CULTURA / SOCIEDAD
Begonias, rosas, crisantemos y otras plantas
Por Walter R. QuinterosVer el juego del fútbol como lo veía don Gregorio, era saber, entender, y conocer cada por qué en cada detalle de cada acción, eso era después, cuando hablaba con los ocasionales asistentes que, como él, observaban el campo vacío de los entretiempos, mientras compraba en el buffet caramelos sueltos para los pibes inquietos, una bolsita de maníes tostados y la mandarina para el final, o no, según surgiera alguna disputa verbal contra el árbitro, que originara la desdicha de tener que recibirla con certera puntería en su cabeza y venida desde el anonimato que da escabullirse entre la gente. Una vez hablé de fútbol con él, Gregorio era un sabio en la materia, hombre solo, que se le atribuía por su fina vestimenta ser un hombre culto y poseer modales de bien educado. En las canchas, sabía ubicarse cerca del arquero y entrelazar sus dedos en el alambrado y, cada tanto, por esas cosas del sol y algunas broncas, se quitaba el sombrero para pasar su mano sobre el cabello, para hurgar la bolsita de maní en los bolsillos del saco o quitar con la pasmosa lentitud de sus setenta años, las gotas de transpiración que surgían en su cara buscando el cuello.
Al final salía despacio, con su andar elegante, como disimulando, y sin más alardes que mirar el lustrado de sus zapatos, ajustándose la corbata, palpando los gemelos del puño de la camisa y pensando en doña Rosario, mujer que frecuentaba todos los fines de semana, para hablar cosas de ellos, contarse historias, hacer proyectos y después de la cena, como cada fin de semana, dormir juntos, apretados, para tenerla entre sus brazos como era toda ella, una hermosura de mujer sola, envuelta en fina vestimenta, culta y de modales de bien educada.

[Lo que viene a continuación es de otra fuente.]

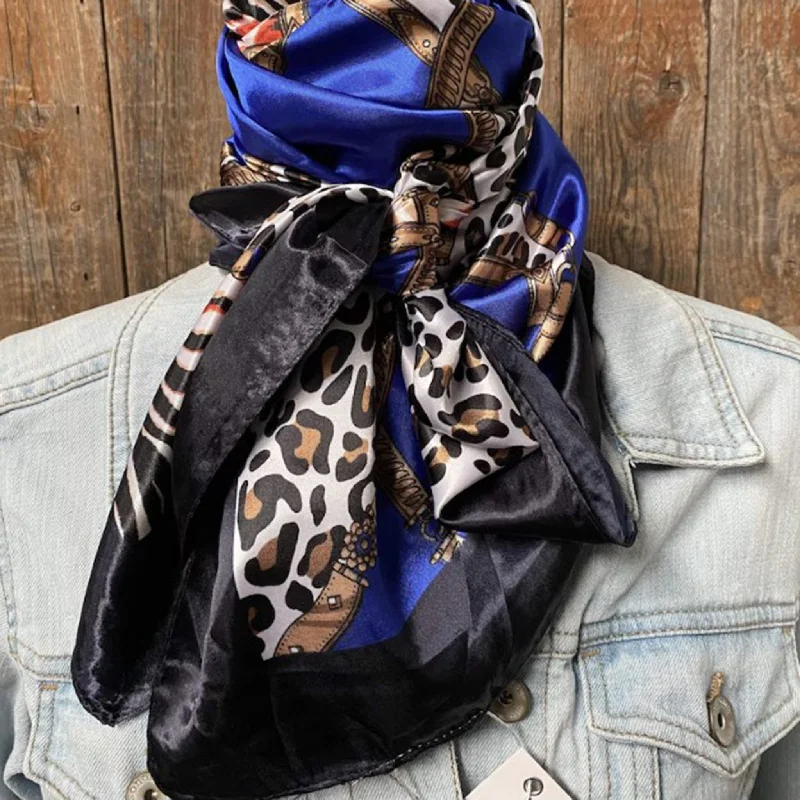 Rodeo Drive Blue Animal Print Wild Rag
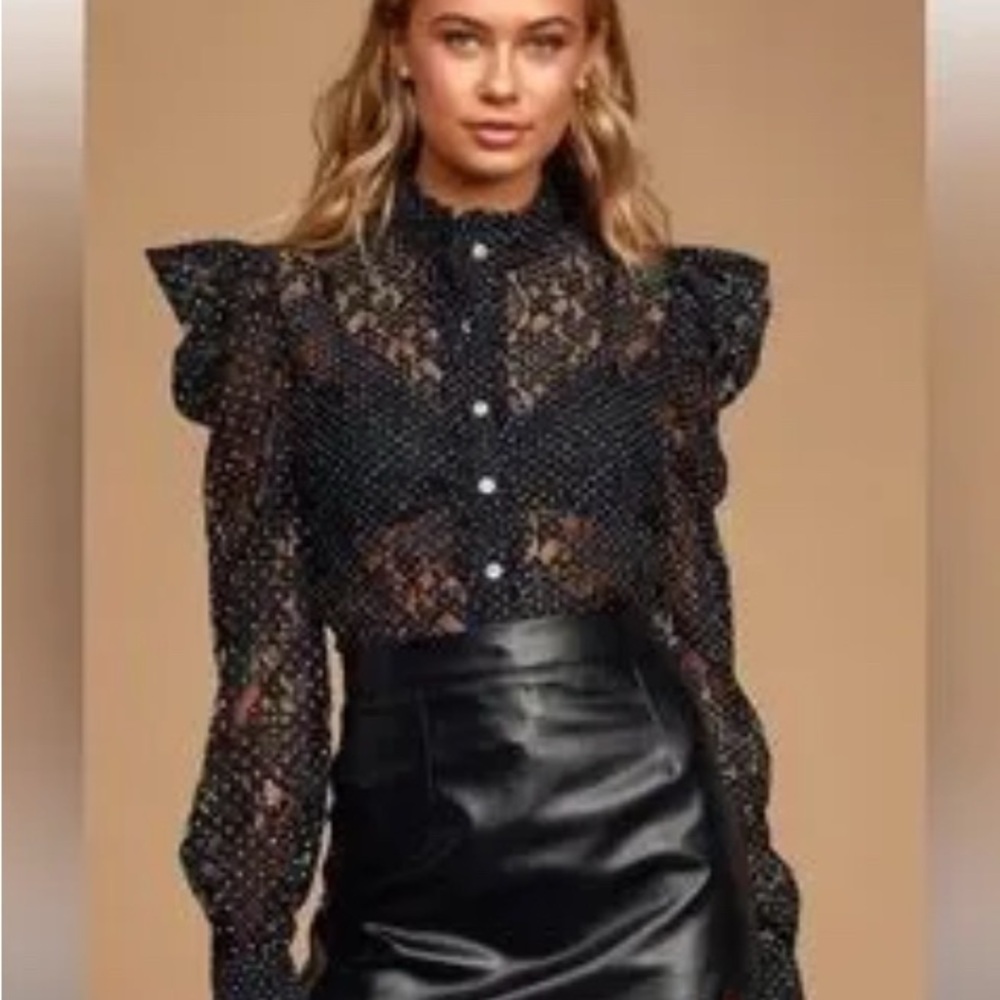 Lulu's Black and White Puff Sleeve Blouse with Mandarin Collar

A ella, el fúbol no le gustaba, a esas horas escuchaba música en la radio, calentaba el agua en la pava, mojaba los ladrillos del piso del patio, regaba las begonias, rosas, crisantemos y otras plantas, extendía el mantel sobre la mesita de jardín, cubría su cara con Ángel Face, iluminaba sus labios en rojo carmesí, repasaba el peinado en el baño y el perfecto doublé de las sábanas en la cama. Paseaba así, sus setenta años frente al espejo del ropero y cada tanto, con prestigiosa cautela, espiaba por los postigos y esperaba, como disimulando calma en el sosiego de la tarde, los golpeteos de su Gregorio en la puerta. Había veces en que lo pensaba, muchas veces, buscando las sombras que dan los árboles de las veredas vecinas mientras caminaba, y con una sonrisa, sabía lo que él también pensaba y convencida, dejaba escapar sus fragancias florales por las ventanas, para que no se pierda, para que apurara el paso.

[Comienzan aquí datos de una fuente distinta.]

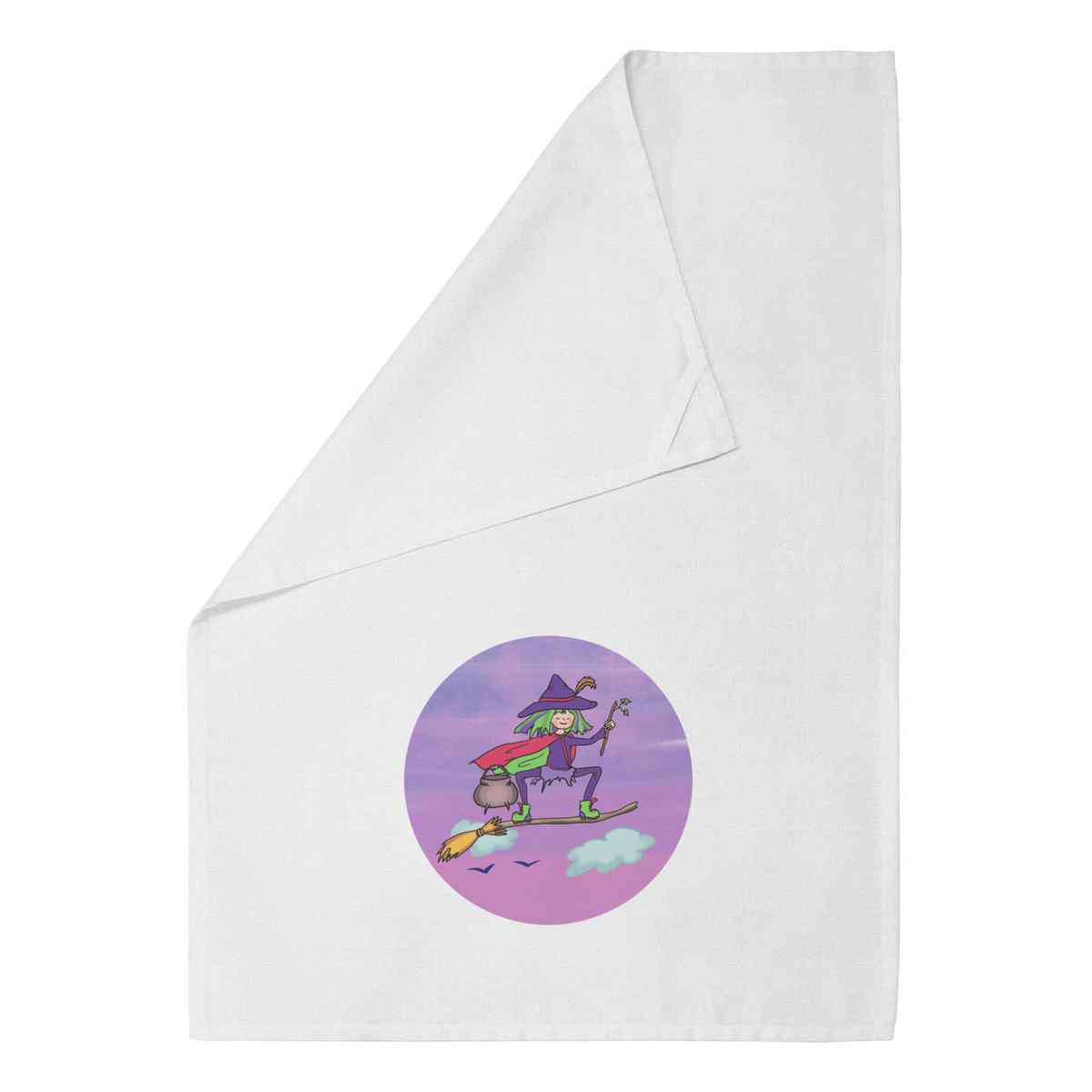 'Witch Riding Broomstick' Cotton Tea Towel / Dish Cloth (TW051977)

Me lo contó ella, envuelta en el consuelo del luto cuando yo hacía mis primeras crónicas. Me dijo que lo supo muerto la mañana que él, tendido a su lado no despertó. Se supo fuerte y resignada ante la docilidad del cuerpo que vestía en la desordenada cama, cuando el médico así lo certificaba, cuando caía la helada sobre las begonias, rosas, crisantemos y las otras plantas. Cuando el viento golpeaba los postigos de las ventanas. Cuando las hojas despeinadas se arremolinaban en extraña danza por las veredas. Cuando el rojo carmesí se desangraba.
Yo me había enterado en la cancha, cuando el árbitro pitaba el final del minuto de silencio en su recuerdo y a medida que aumentaba el murmullo ensordecedor de la hinchada.